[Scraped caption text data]
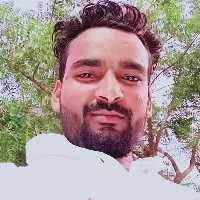Vikash Kumar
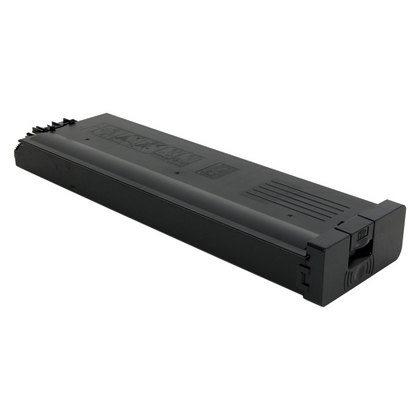 Sharp MX-3500N Compatible Black Toner Cartridge
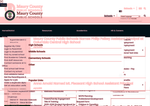 Check dated 2026-07-28T14:48:18.000Z thumbnail image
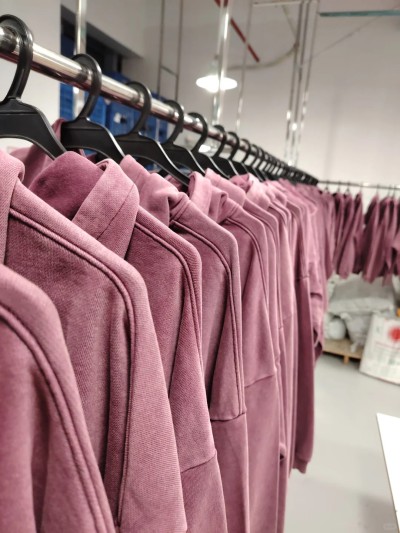 dongguan mesh shorts dongguan elastic shorts dongguan compression top dongguan ls t shirt dongguan ss t shirt dongguan tank top dongguan athletic pants dongguan singlets dongguan socks dongguan sport jacket dongguan outdoor jacket dongguan jersey dongguan football jersey dongguan rugby jersey dongguan baseball jersey dongguan basketball jersey dongguan sublimated hoodie dongguan sublimated shorts dongguan hiking suits dongguan cycling suits dongguan hockey suits dongguan fishing suits dongguan compression shorts dongguan team uniform dongguan softball suits dongguan lacrosse suits 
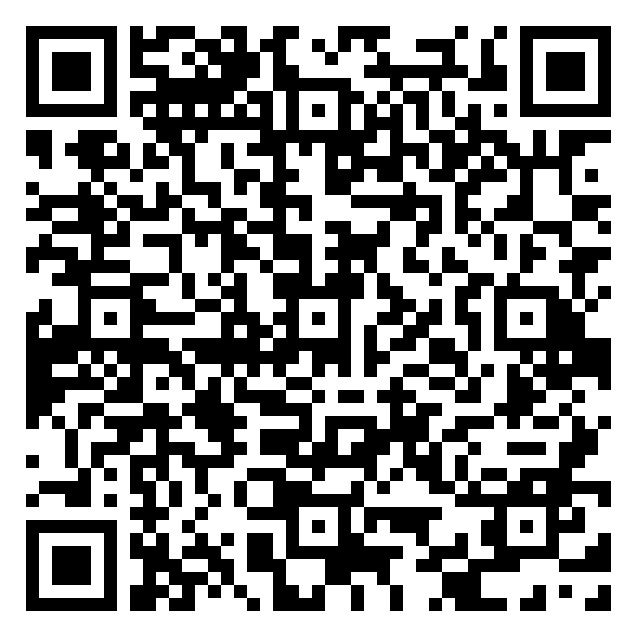 kod QR z danymi kontaktowymi 12095374400000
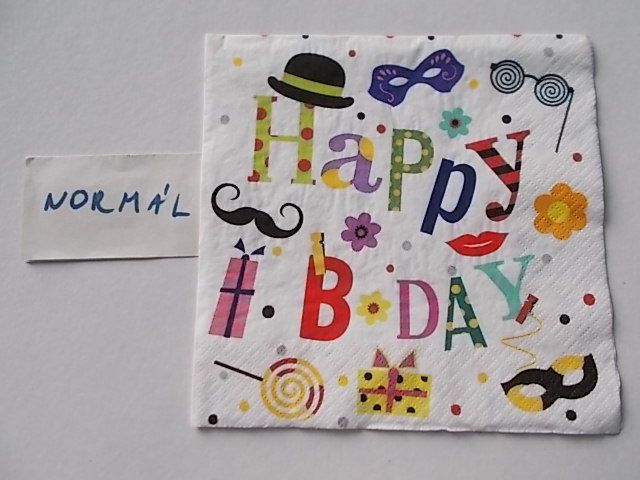 szalvta: PID24381.JPG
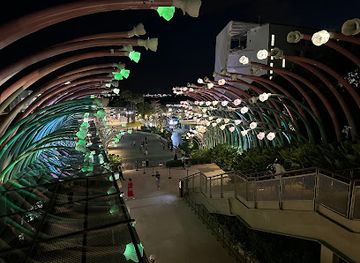 singapore/sentosa-island/shop/sentosa-sensoryscape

■ **Exercise instructions**
Hand back exactly the lines from the one with "kod QR z danymi kontaktowymi 12095374400000" through the last line of the data above, both ends included, with every picture left out.

■ **Answer section**
 kod QR z danymi kontaktowymi 12095374400000
 szalvta: PID24381.JPG
 singapore/sentosa-island/shop/sentosa-sensoryscape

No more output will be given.